Highclere suffers Lysander loss | At The Races

Lysander, the highly-regarded one-time Derby prospect, has been euthanised after suffering form severe arthritis, his owners have confirmed.

Trainer William Haggas had high hopes for the son of New Approach, who won a novice by over eight lengths at Newcastle on his second start, before being touched off by Lionel in last season’s Cocked Hat at Goodwood.

He went on to finish third to Changingoftheguard in the Group Two King Edward VII at Royal Ascot and was placed in Newbury’s Arc Trial on his last run in September.

However, he subsequently suffered a hip problem and Harry Herbert, managing director of owners Highclere Thoroughbred Racing, said the decision was made to euthanise the gelding.

“Tragically, he was put down yesterday,” said Herbert. “He had got terrible arthritis in his hips. It was just awful. We had hoped to get him back and running next year, but the vet said he will be in constant pain.

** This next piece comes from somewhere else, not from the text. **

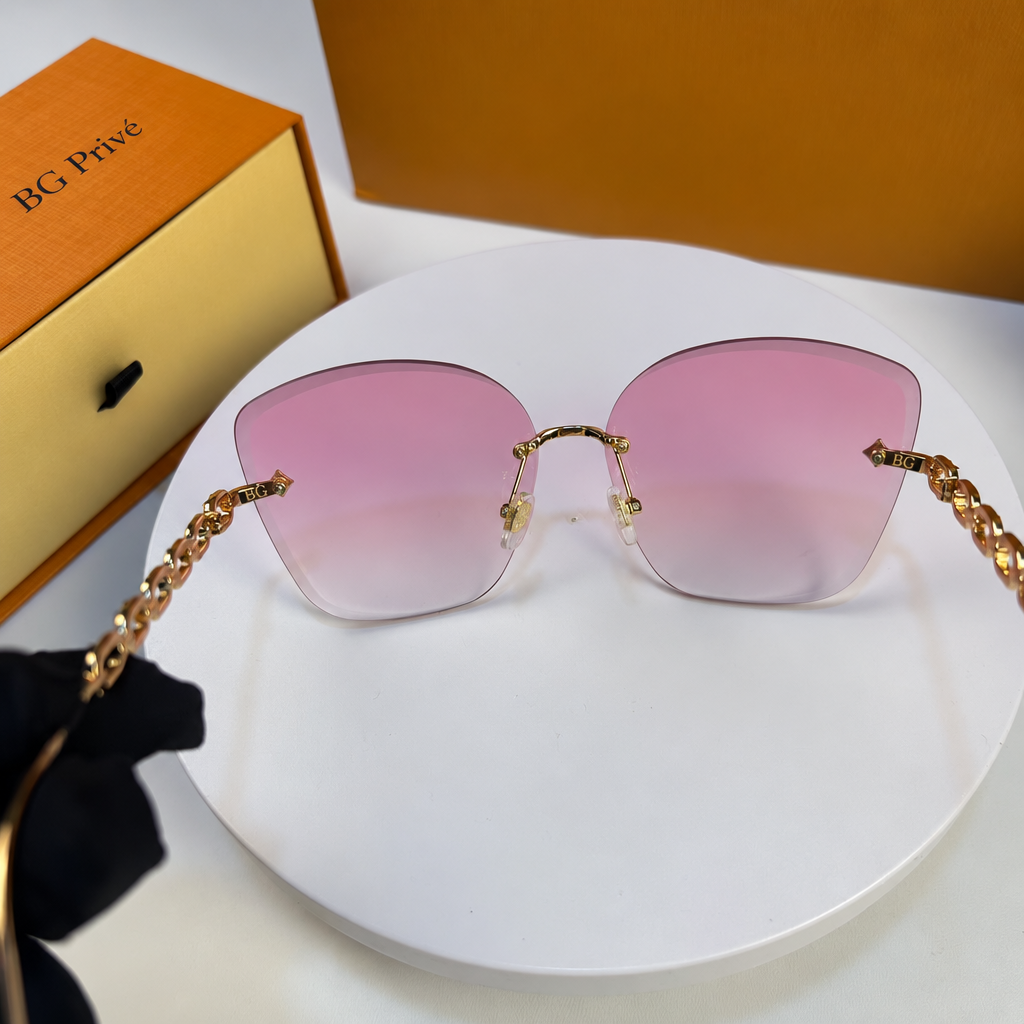 Jewel Cat Eye Sunglasses in Pink Purple Shade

“I’m afraid we have had to do that. I’m afraid we were not able to see more of him.

“We always try to retire horses to happy homes, it is very much our policy. It is a bitter blow to shareholders and an awful scenario.

“Everyone gets attached to horses, not just because of their ability, but he was such a gorgeous horse, such a beautiful, beautiful horse and William (Haggas) had always planned that this year, his four-year-old year, would be his big year and possibly beyond. It is a big loss for the team.”

Despite the loss, Herbert said Highclere have plenty to look forward to, with a couple of promising juveniles unleashed last weekend, with more to come.

“There are lots of excitements to come, lots to look forward. The two-year-olds are running well, a lovely debut from two on the weekend,” he said.

“Mannerism was a little unlucky not to win for Karl Burke, he was very eye-catching at Haydock, and Drama with James Ferguson – our first horse with him – ran extremely well on debut (when third, beaten a length at Newbury) and looks nice, and there are others to come.